Before the Temple Cup Series started at League Park, in the rowdiest section of Cleveland, the local newspapers ripped into Hanlon for suggesting that the western clubs had thrown games to the Spiders. The Cleveland cranks came prepared. With tin horns and cow bells they kept up a frightful din. The respectable people were not to be found. Young toughs from the city of smokestacks seated themselves all over the stands. In their pockets they carried potatoes and stones.

For the Orioles, losing the Temple Cup the previous October still rankled. It had brought them nothing but ridicule, and tarnished the glory of having captured the pennant. The cup itself, on its onyx stand, had rested all season in the oversized safe that belonged to Andrew Freedman, the Tammany Hall man who had bought a controlling interest in the Giants. The Orioles wanted it.

So did the Clevelanders, who had the means at hand. While catching a high foul fly, Robbie got pelted. Flying vegetables and minerals hit McGraw in the head and dealt Kid Gleason a lump the size of a hen's egg. The few policemen in the stands stood by.

Anything went. When Sadie McMahon faced Cy Young, every advantage counted. In the eighth inning, with the Orioles a run ahead, one of the Spiders lofted a fly ball out to Joe Kelley. Patsy Tebeau, on second base, had been egging the crowd on. Suddenly a dozen cranks leapt from their seats and rushed onto the field, straight at Kelley. He evaded them and caught the ball. His pursuers surrounded him and flung their coats in his face, to stop him from throwing to third base. As the policemen serenely looked on, Tebeau scored.

The umpire sent him back to second base. He scored anyway. Sadie McMahon weakened, and the Spiders won.

The next afternoon a beer bottle just missed Kel's head. Cranks threw seat cushions and tin horns at McGraw as he caught a foul fly. The Spiders won again. Afterward, anyone wearing orange and black was whacked with clods of filth.

The Spiders won the next game as well, on the merits. The violence might have angered the Orioles. Instead it made them listless. Or maybe Cy Young did, for he stymied them all.

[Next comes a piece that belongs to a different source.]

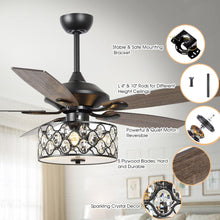 Cargar imagen en el visor de la galería, 52&quot; Tibuh Modern Downrod Mount Reversible Crystal Ceiling Fan with Lighting and Remote Control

Willie Keeler had had a wonderful season, having batted .377. He had always hit well against the rawboned right-hander. But today he went hitless.

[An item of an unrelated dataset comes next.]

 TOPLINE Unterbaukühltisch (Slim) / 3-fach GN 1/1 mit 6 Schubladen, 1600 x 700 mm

A subdued crowd met the Orioles at Camden Station. The city authorities urged the cranks to exercise more restraint than the Cleve-landers had, to show Baltimore as the genteel city it surely still was. The cranks were quick to reply. As the Spiders left their hotel they were pounded with eggs and rotten apples. At Union Park, potatoes and pieces of brick came flying from the stands. After the Orioles had won -- their first victory in eight Temple Cup games -- the Spiders piled into their open-sided omnibus. They had not left Huntingdon avenue when the rocks and bricks and clumps of dirt and a chunk of slag as big as a fist came raining down. The mob held the heads of the horses and tried to cut the harnesses, until the policemen and the squealing animals pushed their way through. The Spiders hid on the floor of the omnibus, their mitts and bat bags over their heads. "There is not a man in the party who has not more or less bruises and bumps, none serious, and the men are delighted that they are yet alive," wrote the scribe from the Cleveland Plain Dealer, who had lain buried under a half-dozen Spiders.

The Spiders seemed not to mind. The next afternoon, with two men out in the ninth inning, they were leading, 5 to 1, when McGraw and Keeler drew bases on balls and Hughey Jennings was hit by a pitch. The crowd stiffened with anticipation. Was Cy Young, twirling his third game of the five, tiring at last?

Kel hit a sharp one, which the shortstop fumbled, and McGraw crossed the plate. Steve Brodie came to the bat, as Willie edged away from third base. A double or a triple would tie the game. Young, the impassive giant, all 210 pounds of him, reared back. Wee Willie Keeler crept forward.

Brodie swung, and dribbled the pitch back to the twirler. The Orioles had been crushed in the Temple Cup Series once again.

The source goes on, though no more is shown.